# Your objective
Reproduction of part of the material below, pictures omitted: copy exactly, and only, the lines starting with the one with "Boat & the Sea of Galilee" and going on through the one with "Exploring Dubai Resorts".

# The data
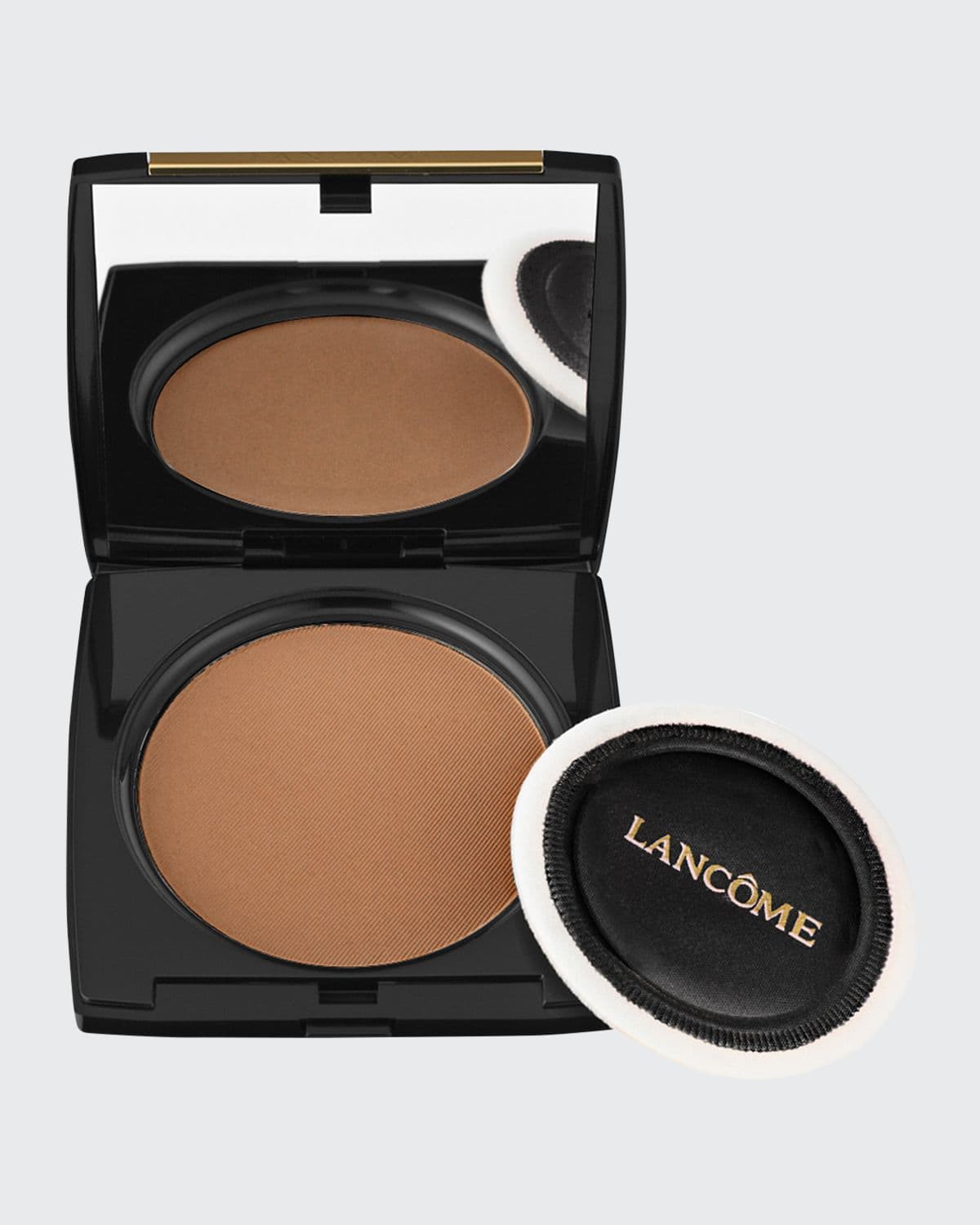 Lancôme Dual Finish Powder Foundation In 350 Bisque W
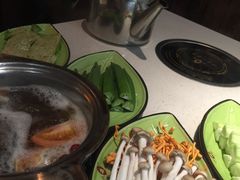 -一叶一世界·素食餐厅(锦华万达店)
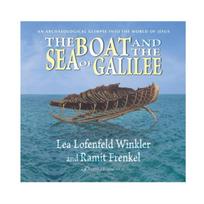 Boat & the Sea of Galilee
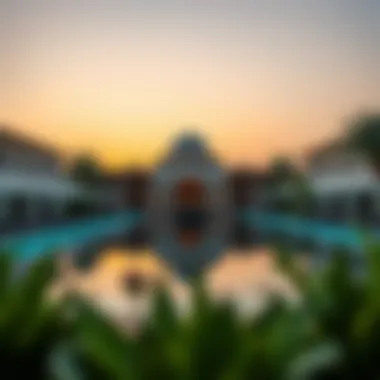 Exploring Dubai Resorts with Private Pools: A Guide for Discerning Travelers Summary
* * *
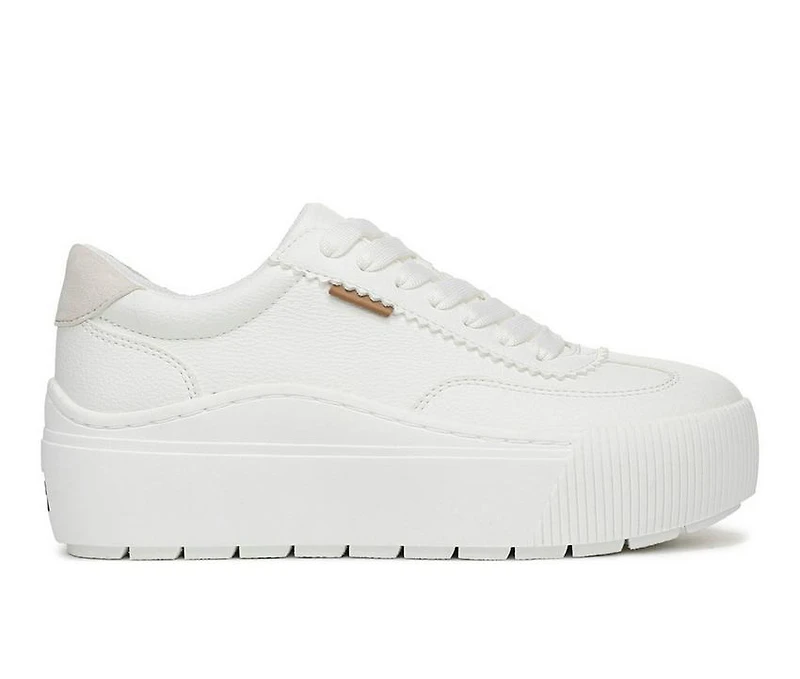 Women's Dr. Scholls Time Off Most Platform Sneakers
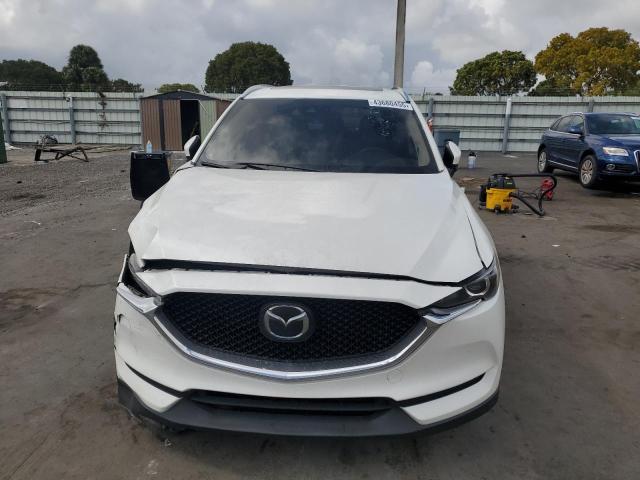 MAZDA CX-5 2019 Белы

# Result for this exercise
 Boat & the Sea of Galilee
 Exploring Dubai Resorts with Private Pools: A Guide for Discerning Travelers Summary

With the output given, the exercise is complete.